The feature engineering pipeline is the preprocessing steps that transform raw data into features that can be used in machine learning algorithms, such as predictive models. Predictive models consist of an outcome variable and predictor variables, and it is during the feature engineering process that the most useful predictor variables are created and selected for the predictive model. Automated feature engineering has been available in some machine learning software since 2016. Feature engineering in ML consists of four main steps: Feature Creation, Transformations, Feature Extraction, and Feature Selection.
Feature engineering consists of creation, transformation, extraction, and selection of features, also known as variables, that are most conducive to creating an accurate ML algorithm. These processes entail:
Creating features involves identifying the variables that will be most useful in the predictive model. This is a subjective process that requires human intervention and creativity. Existing features are mixed via addition, subtraction, multiplication, and ratio to create new derived features that have greater predictive power.
Transformation involves manipulating the predictor variables to improve model performance; e.g. ensuring the model is flexible in the variety of data it can ingest; ensuring variables are on the same scale, making the model easier to understand; improving accuracy; and avoiding computational errors by ensuring all features are within an acceptable range for the model.
Feature extraction is the automatic creation of new variables by extracting them from raw data. The purpose of this step is to automatically reduce the volume of data into a more manageable set for modeling. Some feature extraction methods include cluster analysis, text analytics, edge detection algorithms, and principal components analysis.

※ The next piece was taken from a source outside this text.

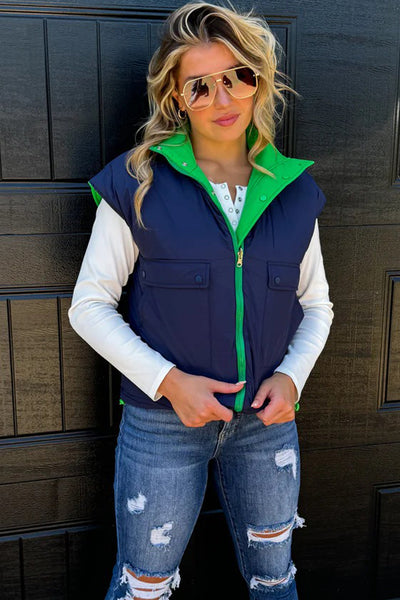 Women's Cozy Green Color Block Zip-Up Winter Vest with Snap Buttons - Stylish Layering Essential for Cold Weather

Feature selection algorithms essentially analyze, judge, and rank various features to determine which features are irrelevant and should be removed, which features are redundant and should be removed, and which features are most useful for the model and should be prioritized.
Oftentimes, we have datasets in which different columns have different units – like one column can be in kilograms, while another column can be in centimeters. Furthermore, we can have columns like income which can range from 20,000 to 100,000, and even more; while an age column which can range from 0 to 100(at the most). Thus, Income is about 1,000 times larger than age.
But how can we be sure that the model treats both these variables equally? When we feed these features to the model as is, there is every chance that the income will influence the result more due to its larger value. But this doesn’t necessarily mean it is more important as a predictor. So, to give importance to both Age, and Income, we need feature scaling.